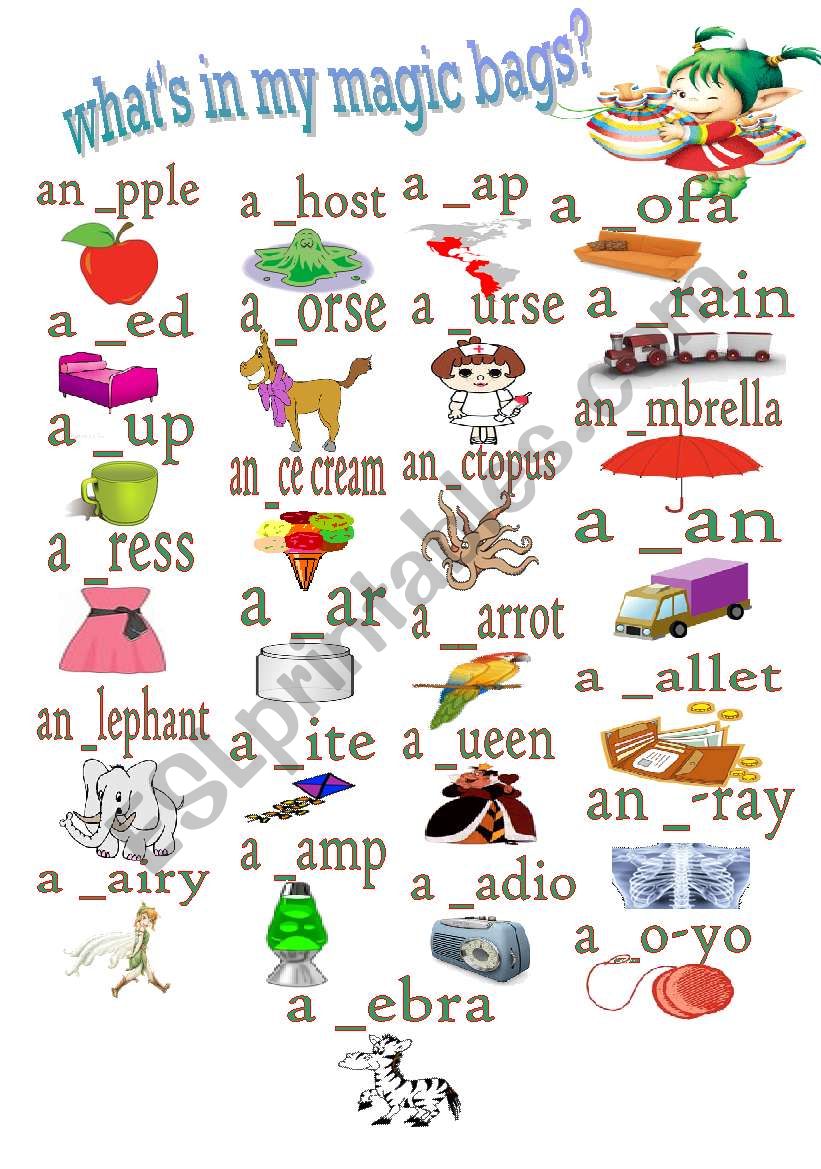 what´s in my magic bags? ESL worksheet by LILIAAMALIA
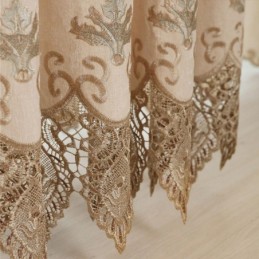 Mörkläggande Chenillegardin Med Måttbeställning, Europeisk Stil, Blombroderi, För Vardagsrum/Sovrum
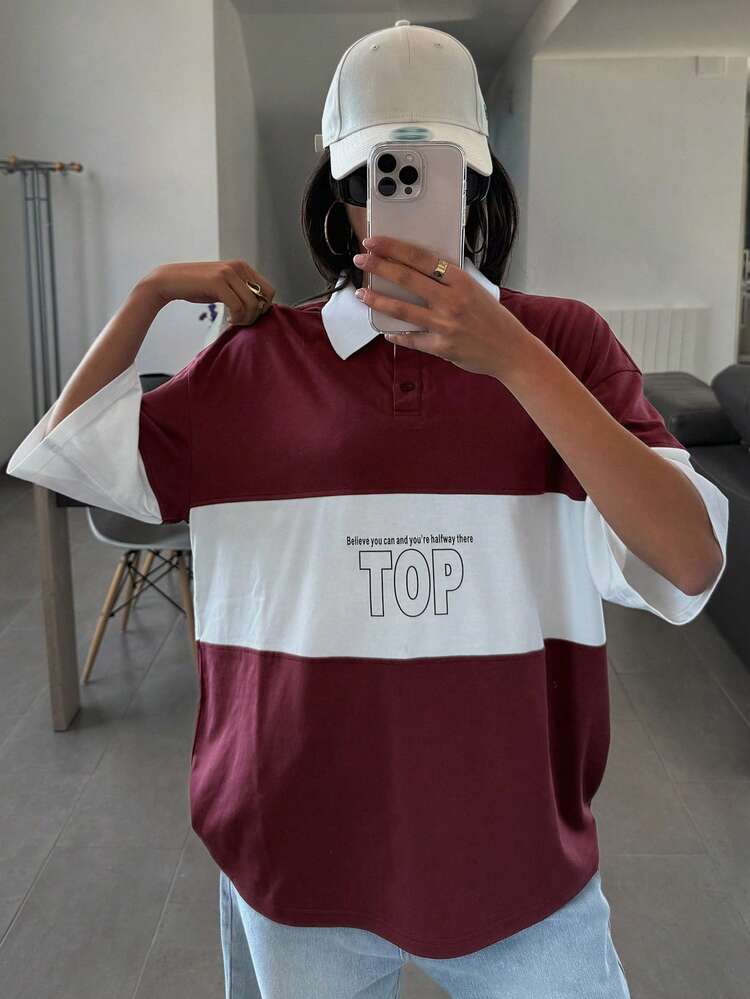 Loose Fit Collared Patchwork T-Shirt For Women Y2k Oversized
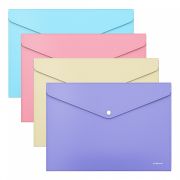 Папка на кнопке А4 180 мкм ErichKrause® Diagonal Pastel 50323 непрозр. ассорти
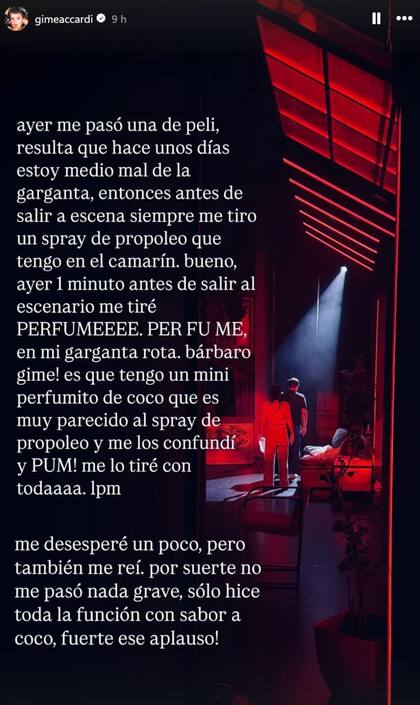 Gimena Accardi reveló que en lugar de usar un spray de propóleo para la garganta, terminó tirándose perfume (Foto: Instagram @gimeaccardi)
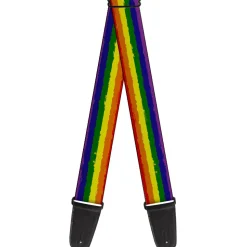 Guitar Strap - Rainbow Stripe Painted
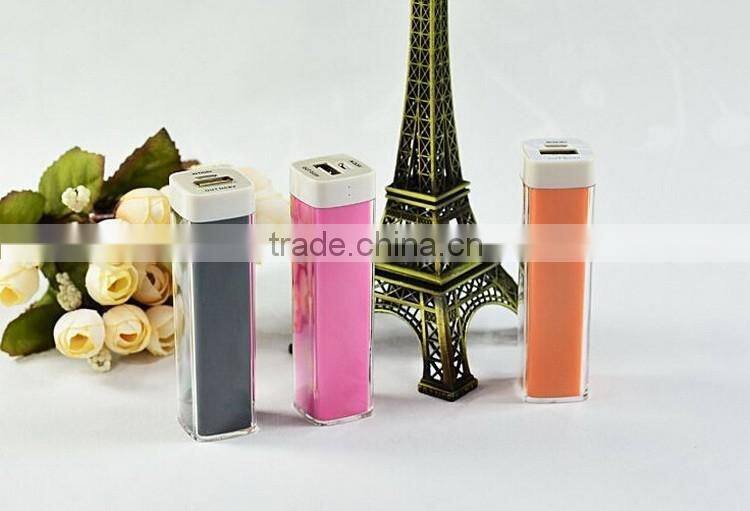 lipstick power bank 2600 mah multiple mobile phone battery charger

Work item:
Your answer must be the lines from the one holding "Папка на кнопке" through the final line of the records above, exactly as written and without any pictures.

Response to this task:
 Папка на кнопке А4 180 мкм ErichKrause® Diagonal Pastel 50323 непрозр. ассорти
 Gimena Accardi reveló que en lugar de usar un spray de propóleo para la garganta, terminó tirándose perfume (Foto: Instagram @gimeaccardi)
 Guitar Strap - Rainbow Stripe Painted
 lipstick power bank 2600 mah multiple mobile phone battery charger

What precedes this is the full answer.